By: Milad Mohammadai

In an era of increasing globalization, what does one region’s internet regulations mean for foreign firms?

The past few years have been marked by many high profile disastrous data breaches in the US. There was the infamous Yahoo mail data breach of 2014, which resulted in a recent $35 million dollar fine imposed by the SEC, Equifax’s major 2017 data breach which resulted in hundreds of thousands of customers data being leaked, and; Facebook’s recent Cambridge Analytica misfortune. Data breaches like these have led to the protection of data and data privacy to become an important concern as our lives have become further digitized. What companies and governments should be able to do with data has been a major area of debate. It remains very unclear as to the direction both citizens, corporations, and policy makers would like to move forward. The infamous Senate testimony hearing of Mark Zuckerberg in the US Capital showed just how unprepared both companies and the US Federal government are when it comes to this issue.

In Europe, things are taking a completely different turn. A widely known piece of legislation for the technology sector is slowly being implemented.  GDPR, standing for General Data Protection Regulation, was approved by the European Parliament in 2016. It is set to harmonize data protection law across the whole of the EU. Unlike an EU directive, which requires legislation to be implemented on a per-member basis, this regulation will take effect on a full union level. The aim of the GDPR is to delineate exactly how user data, specifically in the consumer context, is to be treated by firms. The GDPR grants many “digital rights”, which include; the right of access to data a company has collected, consent requirements, notification of data breaches, data portability (similar to the HIPAA healthcare law in the US), a protocol for data protection, and finally the controversial “right to be forgotten”. This is not an exhaustive list, as GDPR completely reshapes data protection law in the EU.

This raises the question, how will this regulation fit with US firms that operate in the EU? By far the most significant effect GDPR will have on US companies is the fact that the law will apply to all companies doing business in the EU. This means that companies like Facebook and Google must fulfill their obligations under the GDPR in order to operate in the EU. During the Congressional hearing on the Cambridge breach, Zuckerberg had remained unclear as to whether Facebook will implement GDPR policies only in its operations across the EU, or whether he will decide to have the protections extended to US citizens as well.

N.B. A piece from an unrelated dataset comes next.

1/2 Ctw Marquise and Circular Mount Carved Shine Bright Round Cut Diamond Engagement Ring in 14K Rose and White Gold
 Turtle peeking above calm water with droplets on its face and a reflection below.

It remains to be seen whether companies will find ways to fight the implementation, considering the increasing costs to comply and hire data protection officers, who would be responsible for implementing much of the process in house.

There are many reasons for companies to be very wary of new regulation like GDPR. For one, costs are enormous both for compliance as well as non-compliance. At the upper level, fines can be as much as 20 million Euros or 4% of each respective firm’s annual revenue. While implementation costs will vary from firm to firm, companies are expecting to spend millions on developing the proper processes and departments to meet the compliance deadlines. In certain industries these regulatory changes have met strong criticism, particularly in the online video game sector, where certain server and software arrangements remain incompatible with implementation. A popular massive online battle arena game (MOBA) “Super Monday Night Combat”, recently cited GDPR compliance as the primary reason for shutting down their servers.

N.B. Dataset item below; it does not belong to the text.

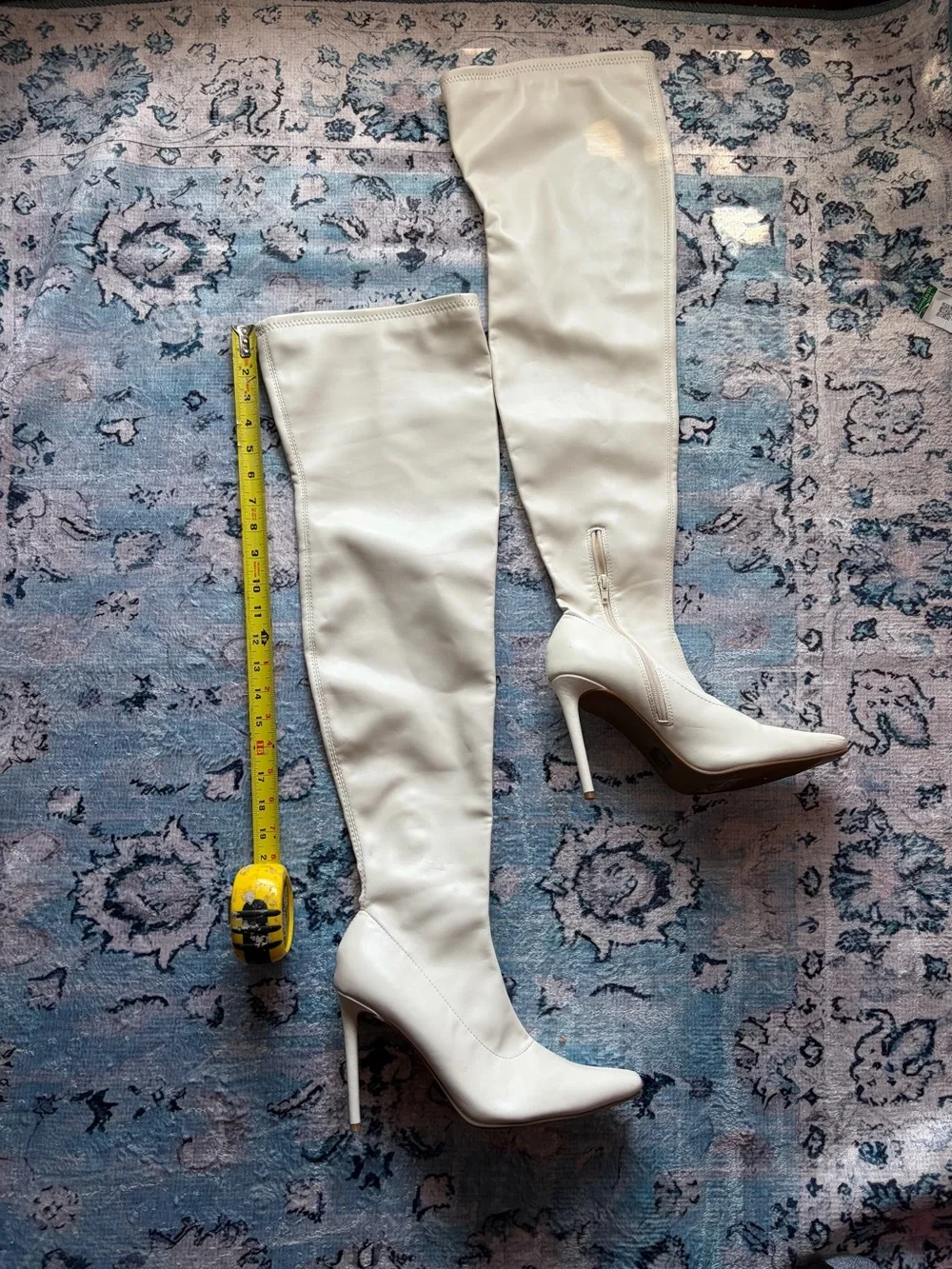 Women's Over-the-Knee Pointed-Toe Stiletto Boots in White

For the US market in general, many firms have responded by saying that they will either reduce their presence in Europe (32%) or completely leave (26%) according to a survey conducted by PwC in 2016.  Because of this, it remains important for policy makers to remain careful as to how they approach this sensitive issue. In the US, similar plans to implement a national “internet” tax on sales by companies such as Amazon resulted in much controversy about the future of an internet that is open and free for commerce. By making abrupt changes to the way internet companies are taxed or regulated, policymakers risk fueling increased uncertainty in an age where cyber security fears have already jostled the market. The internet has always remained a marketplace of innovation, free for commerce, with its low barrier to entry and ease of use. We can only hope it remains that way.

Works Cited

European Commission . (2018). Data Protection. Retrieved from European Commission:

Good, Owen S. “Super Monday Night Combat Will Close Down, Citing EU’s New Digital Privacy Law.” Polygon. April 28, 2018. Accessed May 24, 2018.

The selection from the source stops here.